The simplest possible triple that you might expect to distill from that sentence is ('I', 'get', 'tour'), but even if you got that back, it wouldn’t convey that Dale Dougherty also got the tour, or that Mark Greuther was involved. The POS-tagged data should make it pretty clear that it’s not quite so straightforward to arrive at any of those interpretations, either, because the sentence has a very rich structure:

[(u'This', 'DT'), (u'morning', 'NN'), (u'I', 'PRP'), (u'had', 'VBD'), (u'the', 'DT'), 
(u'chance', 'NN'), (u'to', 'TO'), (u'get', 'VB'), (u'a', 'DT'), (u'tour', 'NN'), 
(u'of', 'IN'), (u'The', 'DT'), (u'Henry', 'NNP'), (u'Ford', 'NNP'), (u'Museum', 'NNP'), 
(u'in', 'IN'), (u'Dearborn', 'NNP'), (u',', ','), (u'MI', 'NNP'), (u',', ','), 
(u'along', 'IN'), (u'with', 'IN'), (u'Dale', 'NNP'), (u'Dougherty', 'NNP'), (u',', 
','), (u'creator', 'NN'), (u'of', 'IN'), (u'Make', 'NNP'), (u':', ':'), (u'and', 'CC'), 
(u'Makerfaire', 'NNP'), (u',', ','), (u'and', 'CC'), (u'Marc', 'NNP'), (u'Greuther', 
'NNP'), (u',', ','), (u'the', 'DT'), (u'chief', 'NN'), (u'curator', 'NN'), (u'of', 
'IN'), (u'the', 'DT'), (u'museum', 'NN'), (u'.', '.')]

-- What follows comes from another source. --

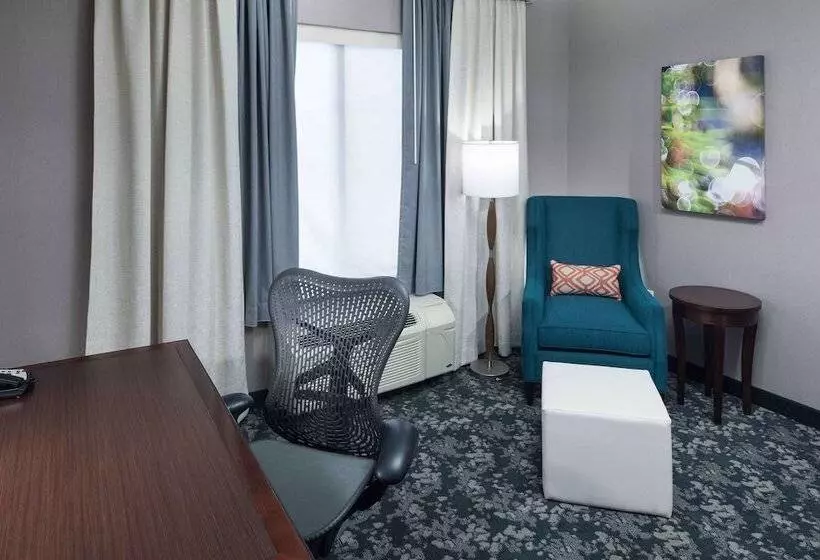 デラックススイート, Hilton Garden Inn Detroit/novi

It’s doubtful whether even a state-of-the-art solution would be capable of emitting meaningful triples in this case, given the complex nature of the predicate “had a chance to get a tour”, and that the other actors involved in the tour are listed in a phrase appended to the end of the sentence. Strategies for constructing these triples are well outside the scope of this book, but in theory, you should be able to use reasonably accurate POS tagging information to take a good stab at it. The difficulty of this task was pointed out not to discourage you, but to provide a realistic view of the complexity of NLP in general so that you know what you’re getting into when you decide to tackle the problem of computing triples for the general case. It can be a lot of work, but the results are well worth it.

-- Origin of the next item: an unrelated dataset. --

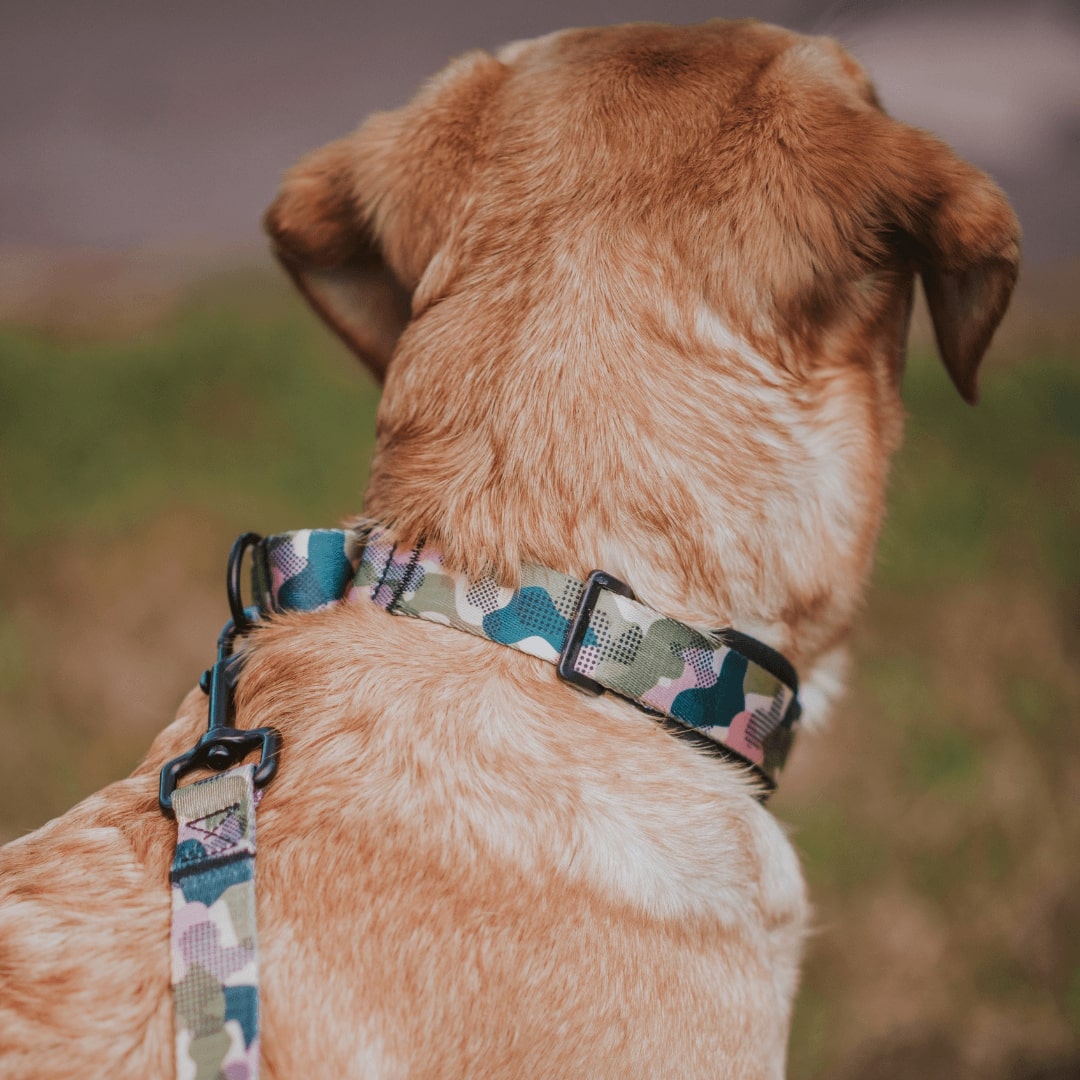 On Duty Martingale - On Duty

All that said, the good news is that you can actually do a lot of interesting things by distilling just the entities from text and using them as the basis of analysis, as demonstrated earlier. You can very easily produce triples from text on a per-sentence basis, where the “predicate” of each triple is a notion of a generic relationship signifying that the subject and object “interacted” with one another. Example 8-7 is a refactoring of Example 8-5 that collects entities on a per-sentence basis, which could be quite useful for computing the interactions between entities using a sentence as a context window.

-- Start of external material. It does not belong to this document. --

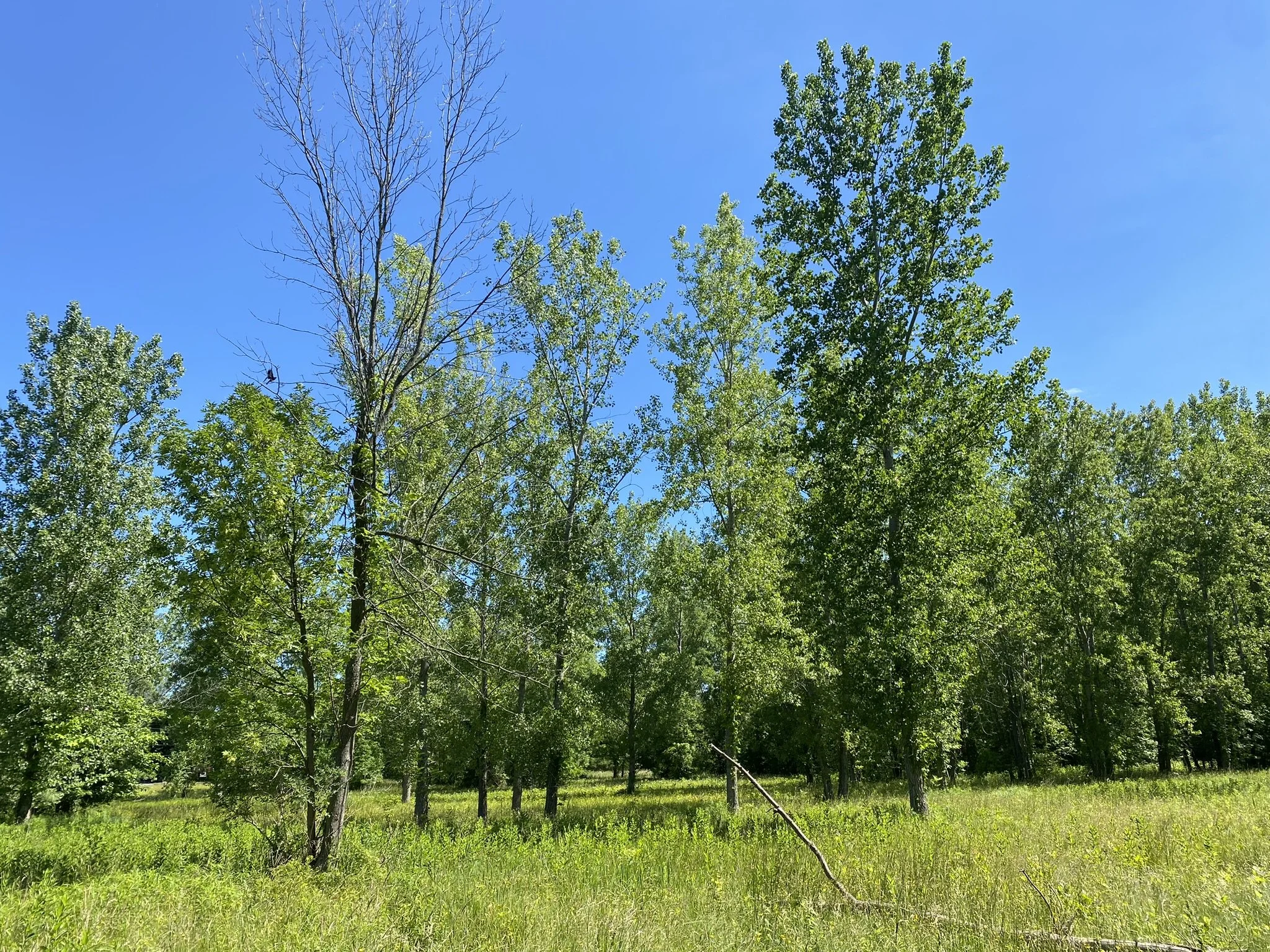Deer Creek Woods Opening Celebration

Example 8-7. Discovering interactions between entities (blogs_and_nlp__extract_interactions.py)

# -*- coding: utf-8 -*-

import sys
import nltk
import json

def extract_interactions(txt):
    sentences = nltk.tokenize.sent_tokenize(txt)
    tokens = [nltk.tokenize.word_tokenize(s) for s in sentences]
    pos_tagged_tokens = [nltk.pos_tag(t) for t in tokens]

    entity_interactions = []
    for sentence in pos_tagged_tokens:

        all_entity_chunks = []
        previous_pos = None
        current_entity_chunk = []

        for (token, pos) in sentence:

            if pos == previous_pos and pos.startswith('NN'):
                current_entity_chunk.append(token)
            elif pos.startswith('NN'):
                if current_entity_chunk != []:
                    all_entity_chunks.append((' '.join(current_entity_chunk),
                            pos))
                current_entity_chunk = [token]

            previous_pos = pos

        if len(all_entity_chunks) > 1:
            entity_interactions.append(all_entity_chunks)
        else:
            entity_interactions.append([])

    assert len(entity_interactions) == len(sentences)

    return dict(entity_interactions=entity_interactions,
                sentences=sentences)

if __name__ == '__main__':

    # Read in output from blogs_and_nlp__get_feed.py

    BLOG_DATA = sys.argv[1]
    blog_data = json.loads(open(BLOG_DATA).read())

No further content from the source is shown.